Math Overflow Recent Questions - Wed, 04/18/2018 - 12:17

I tried to compute Bredon cohomology of $\mathbb{S}^\sigma$, where $\sigma$ is a sign representation of $\mathbb{Z}/2$, following first chapter and first construction of cohomology from Bredon's "Equivariant cohomology theories". Could somebody please verify it, at least the result?
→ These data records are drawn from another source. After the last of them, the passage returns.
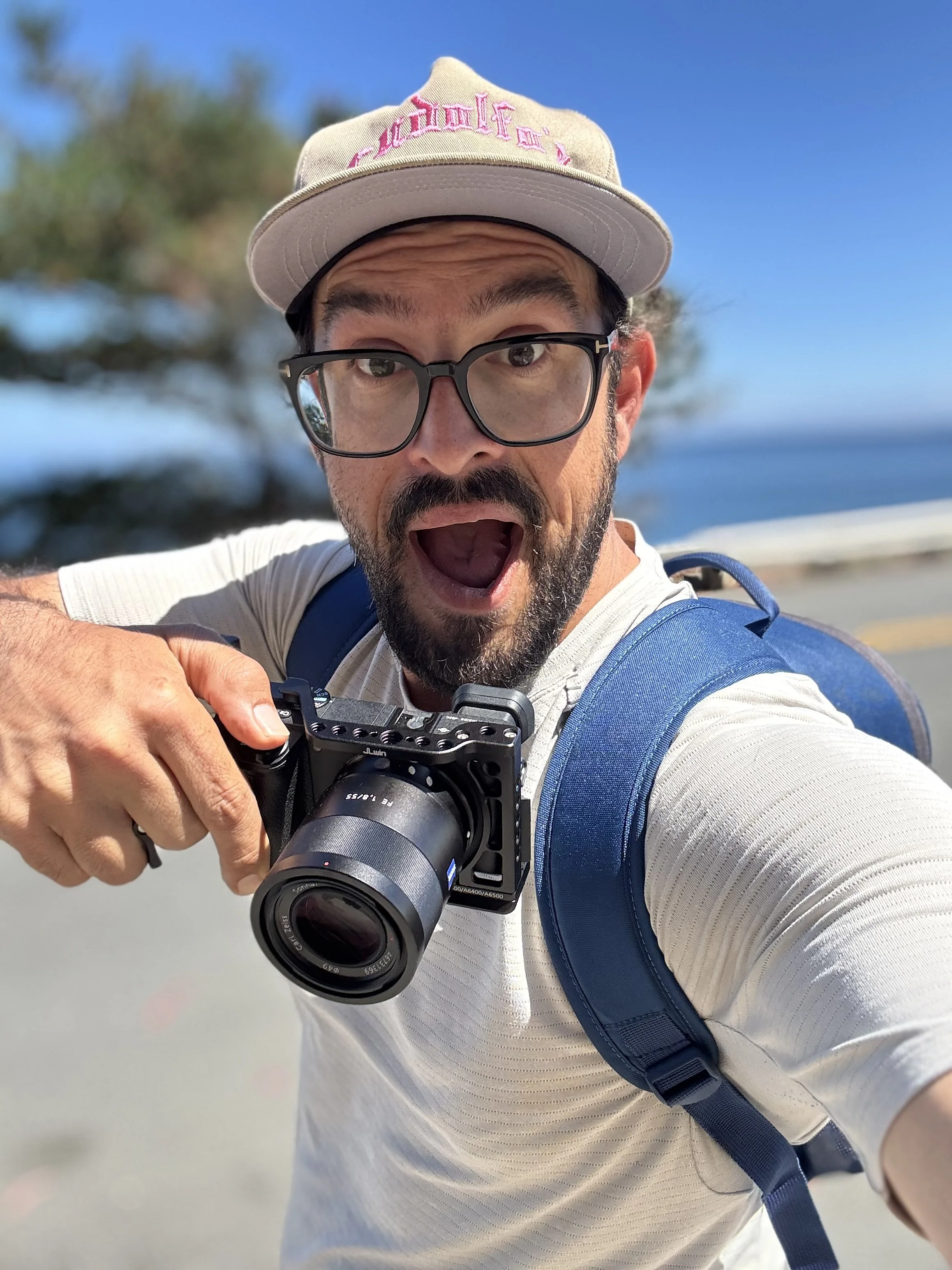 A man with glasses, a beard, and a baseball cap taking a selfie with a camera outdoors on a sunny day, with trees and the ocean in the background.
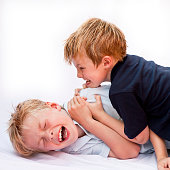 two brothers fighting and playing roughly on white background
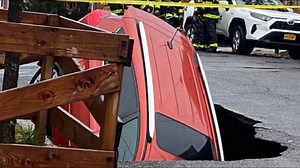 Sinkhole opens up, swallows parked car in Maspeth, Queens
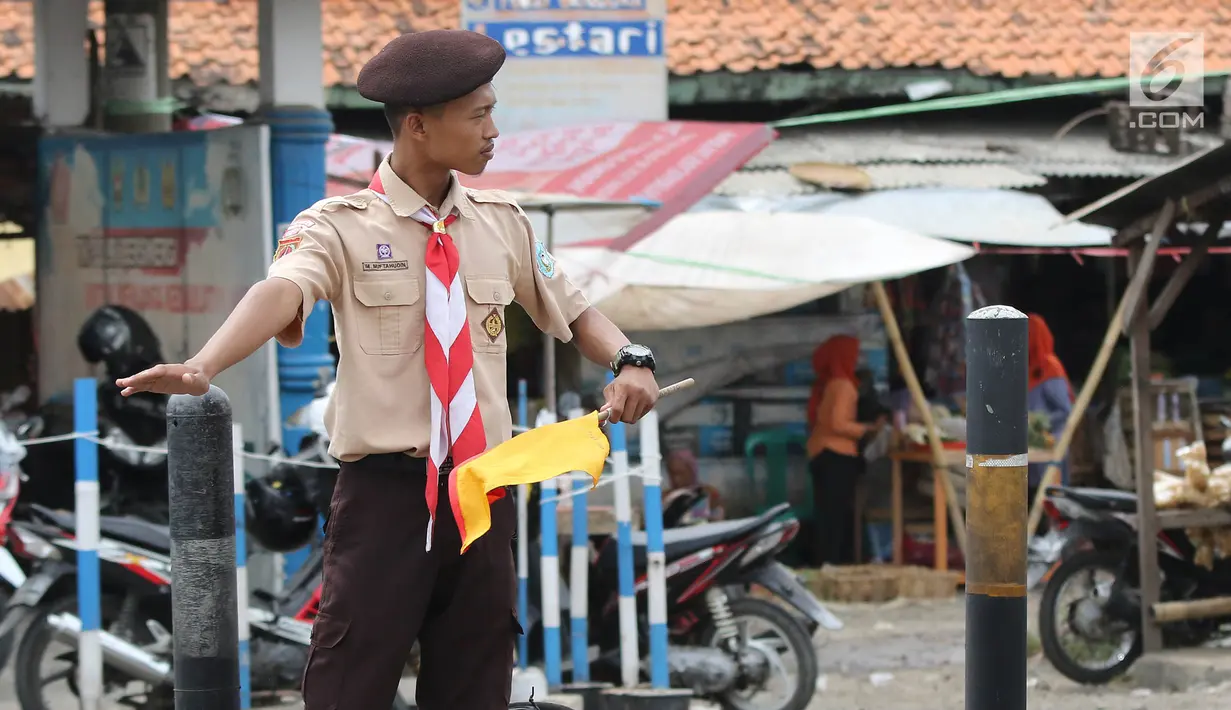 Anggota Pramuka membantu mengatur lalu lintas di jalur mudik kawasan pasar Surodadi, Tegal  Jawa Tengah, Senin (3/6/2019). Puluhan anggota Pramuka  membantu polisi mengatur lalu lintas selama arus mudik maupun arus balik. (Liputan6.com/Herman Zakharia)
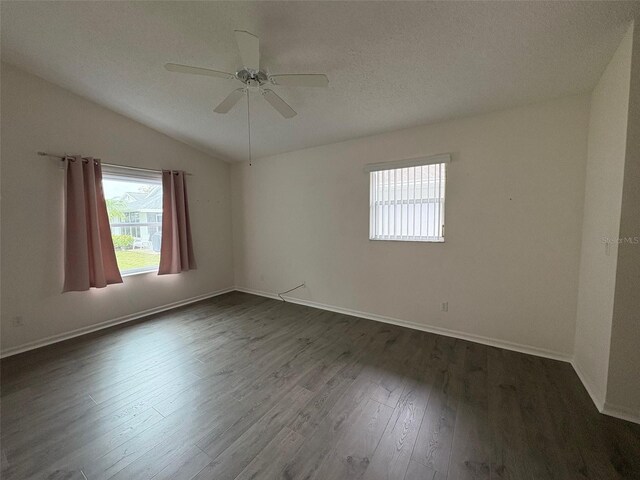 unfurnished room with lofted ceiling, dark wood-type flooring, and ceiling fan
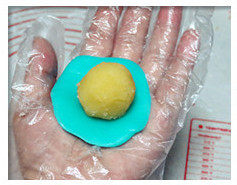 冰皮奶黄月饼,取一个饼皮面团放手心压扁，中间放入奶黄球；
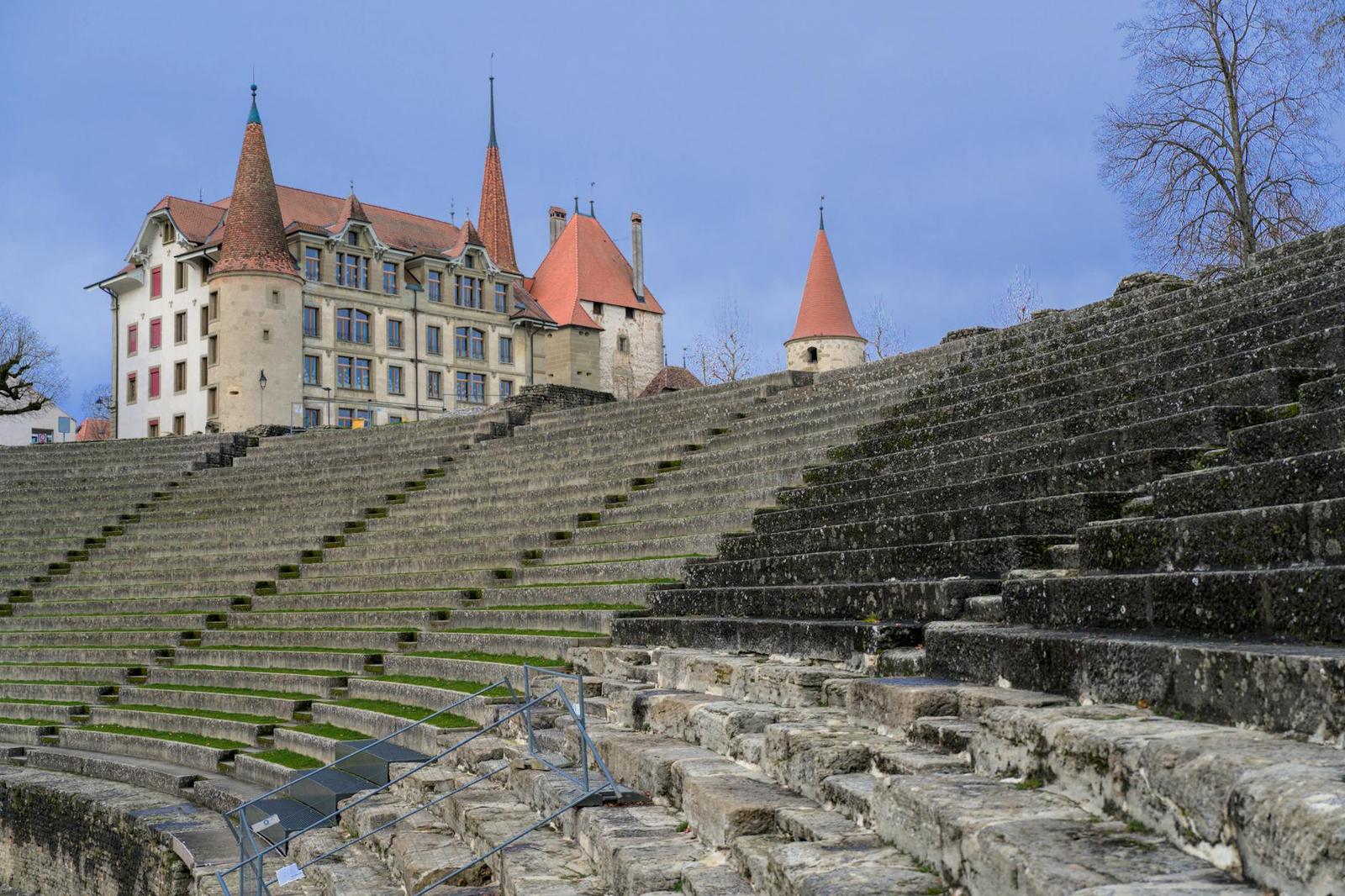 Explore the ancient Avenches amphitheatre with historic Roman architecture in Switzerland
Throughout $G$ means $\mathbb{Z}/2$.

So I assume the following: $G$-CW structure is obvious, given by two points with trivial action as 0-cells and two arcs with swapping action as 1-cells. I am using simple coefficient system $\mathcal{L}$ on it, that is my functor from "cellular category" to abelian groups factors through some coefficient system $M$. $M$ consists of two groups $M(*)$ - trivial $G$-module and $M(G)$ - $G$-module, and an equivariant map $\epsilon:M(*)\rightarrow M(G)$.
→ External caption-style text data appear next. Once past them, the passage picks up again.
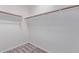 A well-organized walk-in closet with carpet, featuring white walls and wood shelving at 45722 W Sky Ln, Maricopa, AZ 85139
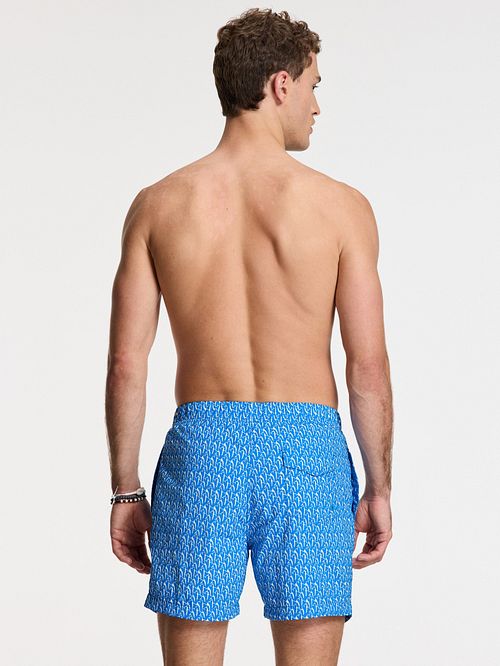 Shiwi Baddräkt Nick Wavy Korallblå Model / Achterkant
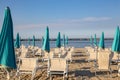 Italian summer on the Adriatic Sea: tyipical italian Riviera Romagnola beach clubs with sunbeds and beach umbrellas with typical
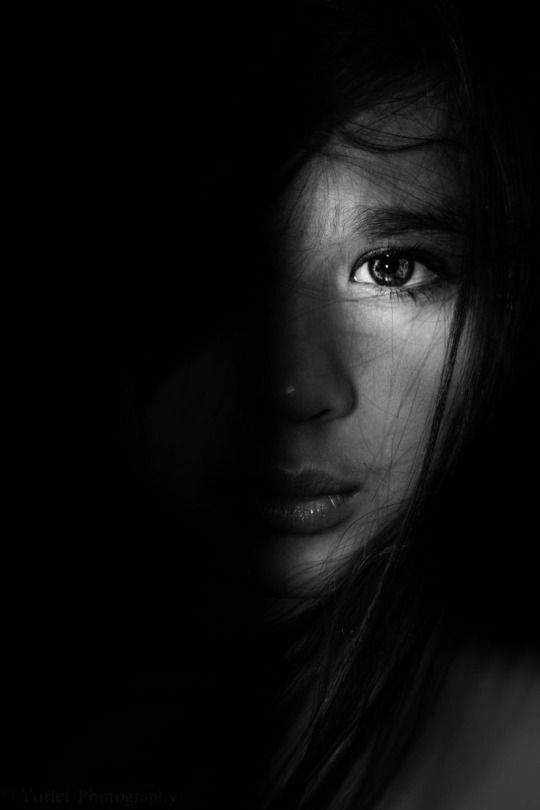 a black and white photo of a woman's face with long hair in the dark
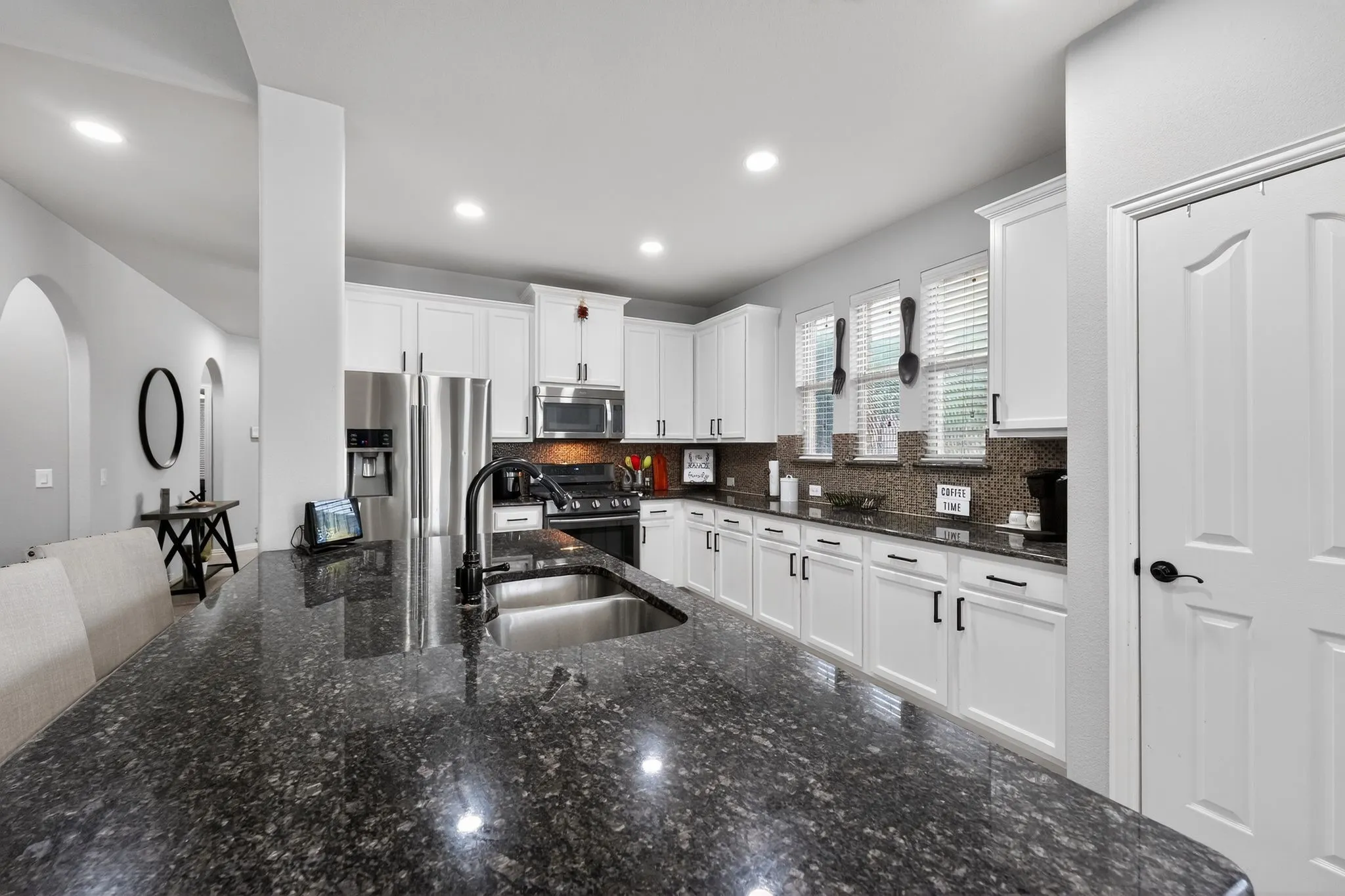 Spacious kitchen featuring a dark granite island, stainless steel appliances, white cabinetry, a large basin sink with a matte black faucet, and a mosaic tile backsplash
$C^0(\mathbb{S}^\sigma;\mathcal{L})$ consists of the functions $f:\{e^0_1,e^0_2\}\rightarrow M(*)$. Since action of G is trivial on 0-cells, induced action on 0-chains is also trivial, therefore $C^0(\mathbb{S}^\sigma;\mathcal{L})=C^0_G(\mathbb{S}^\sigma;\mathcal{L})=M(*)^2$. $C^1(\mathbb{S}^\sigma;\mathcal{L})$ consists of the functions $f:\{e^1_1,e^1_2\}\rightarrow M(G)$. Action on 1-cells is non-trivial (even free), so $C^1_G(\mathbb{S}^\sigma;\mathcal{L})$ consists of equivariant $f$'s. Thus $C^1_G(\mathbb{S}^\sigma;\mathcal{L})=M(1)$.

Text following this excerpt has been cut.